#0004 - Lolo Ndlovu of The Sneaker Shack

By
Civitas Team

34 ideas from Lolo Ndlovu of The Sneaker Shack on spotting opportunities, testing ideas and customer feedback

Lolo Ndlovu is the founder of The Sneaker Shack, a sneaker laundry service for active and footwear-conscious people. They offer a sneaker cleaning service with a 48-hour turnaround time. From small beginnings, in Maboneng with a single store, they have grown to five locations, four stores in Johannesburg and one in Cape Town. They now service thousands of happy customers. Civitas got the opportunity to sit down with Lolo to discuss his entrepreneurial journey and lessons learned. Below is a list of the most valuable ideas from the interview. 

The best ideas from the discussion

  • Find a simple, yet frustrating problem to solve 
  • Test the idea by just doing it 
  • Start with low pricing to just cover costs 
  • Improve the product with customer feedback
  • Have a lot of customer conversations 
  • Learn from great entrepreneurs in your industry 
  • Plan your business strategy with an exit in mind 


On Spotting the Opportunity

  1. [Lolo on his partner discovering the opportunity] “He has a whole bunch of All-Stars. He was a bit All-Star fan. It was actually just a nuisance to actually have these shoes cleaned properly. He would spend his whole Sunday sitting around and cleaning.” 
  2. [On dirty sneakers] “There was a frustration at the root of it. It was very easy to extend that frustration to a lot of people.”
  3. [On dirty sneakers] “It was such a simple problem that we could fix.” 

On Testing the Opportunity 

  1. “We did as much as we could to the point where I thought I should be slipping away from the family business.”
  2. “When we did start speaking to people they said, of course they would pay.” 
  3. “We went to the drawing board and ironed out the dreams from the actual tangibles… got the real details.” 
  4. “The only way we could test it was by having an actual location and doing it.”
  5. “We jumped straight into MVP.”
  6. “So we launched our first store in Maboneng Precinct, where our rent was incredibly low.
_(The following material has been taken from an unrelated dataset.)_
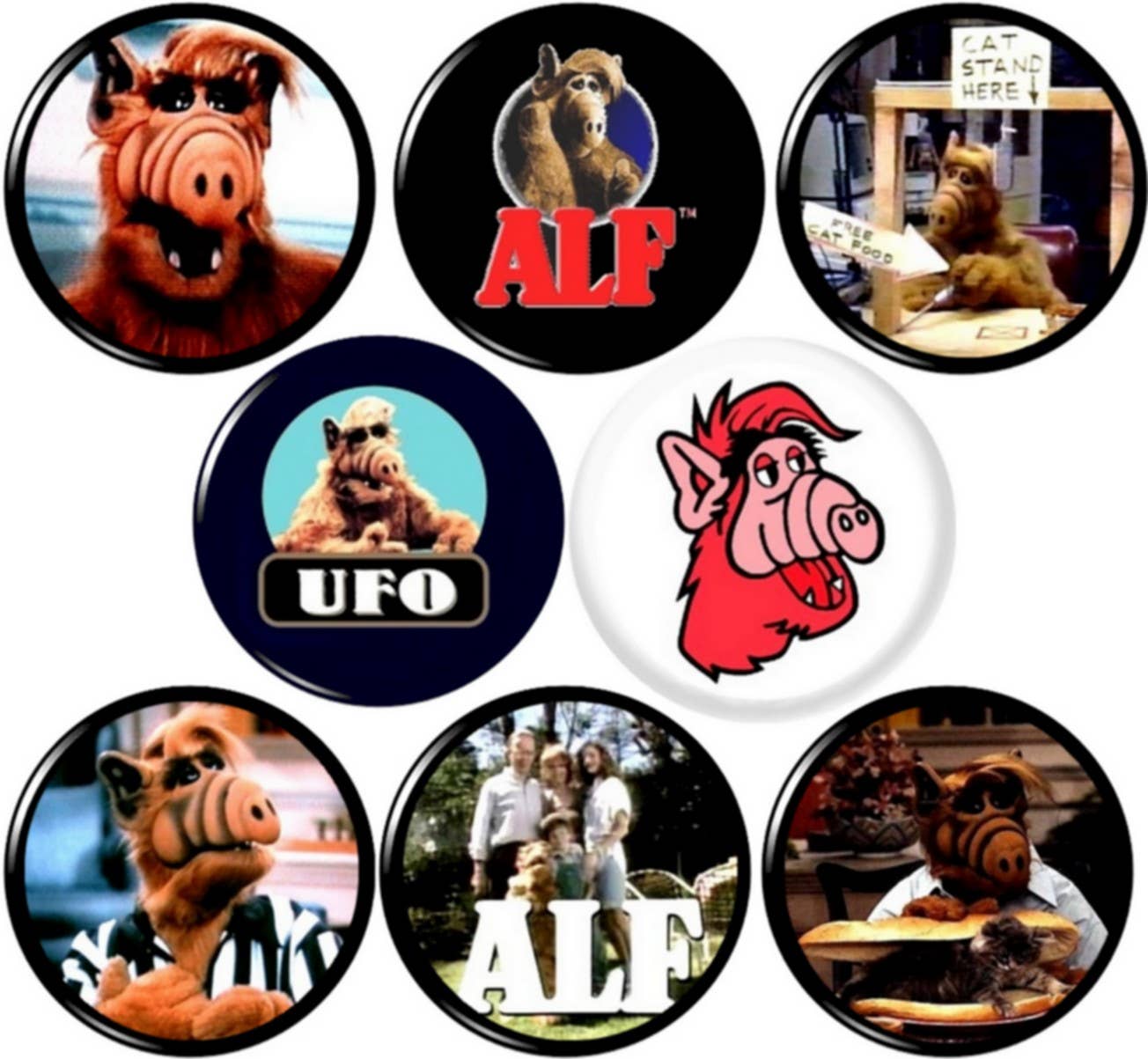 Pinbax Express - Vendita all'ingrosso Spilla da bavero - Set di 8 spille/pins da 25 mm con immagini di Alf anni '80, nostalgia0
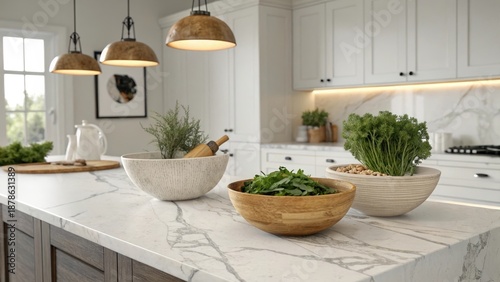 Luxurious Marble Kitchen Countertops Gleam Under Warm Pendant Lights, Showcasing Elegant Design and Culinary Preparation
We found a shop that would really fit… and we just got going.”
  7. “The only way to get quantifiable market place data is by people actually walking through the door.” 

On Pricing the Product 

  1. “We looked at how many sneakers we needed to do to make the rent… we tried to be realistic about how many customers we could get through the door to cover our costs.” 
  2. “We got to four or five customers a day that worked out to R 80 per pair of shoes cleaned.” 
  3. “We got a feel of the actual costs of running the business and we evolved the pricing from there…. that formed our pricing model.” 

On Growth 

  1. [On getting to break-even] “For the first month, I think the first two months, we didn't quite make the rent.. and then by the third month, that's when we started making the rent.” 
  2. [On when to hire] “We got busy enough that we could add someone else to the team.” 
  3. [On planning for the future] “The next six months we started tabling the idea of actually doing this… that's when we started thinking a little bigger, you know, introducing the big picture, thinking more about the brand itself and different locations.”
  4. “We never really got clever on cleaning until much later.” 

On Having a Great Mentor 

  1. “It was very important having someone guide us and help us make the right decision’s.” 

On Customer Feedback 

  1. “It was a big focus early on.” 
  2. “We have created an atmosphere of feedback.”
  3. “Once a week we sit down with the branch managers and go through all the customer feedback. What are they saying? That’s how we get a lot of our feedback.” 
  4. “We have never done customer surveys… I think it is through conversations that you get the most honest feedback.” 
  5. “[Angry customers] are the biggest source of learning.” 

On Choosing Locations

  1. “There was a lot of people saying Rosebank, Rosebank, Rosebank… we just listened to customer input.”

On Strategy and Vision

  1. “My vision is to have a number of corporate-owned stores.” 
  2. “We borrowed that model from Robbie and what he has done with Nando’s.” 
  3. “I have studied him a lot” [on Robbie Brozen the founder of Nando’s] 
  4. “I take the best of what they're doing and integrate some new stuff and what is unique about our offering.”  
  5. “My personal plan is to retain as much as we can in corporate-owned stores and build that around an exit strategy.” 
  6. [On preparing for an acquisition] ‘If you are going to franchise it is going to make things more complicated.” 
  7. “Something down the line is to get a big player [and partner] that shares our vision and have a network of branch managers.” 

On Operations 

  1. “We have processes in place which every single branch runs and works on.” 
  2. “Operations of the branch are quite autonomous even if the branch manager is not there the processes are.” 
  3. “We focus on the back end first and then bring it into the front end... We need to know that 99.99% of the product that comes out is to standard and we try to close any type of error gap.”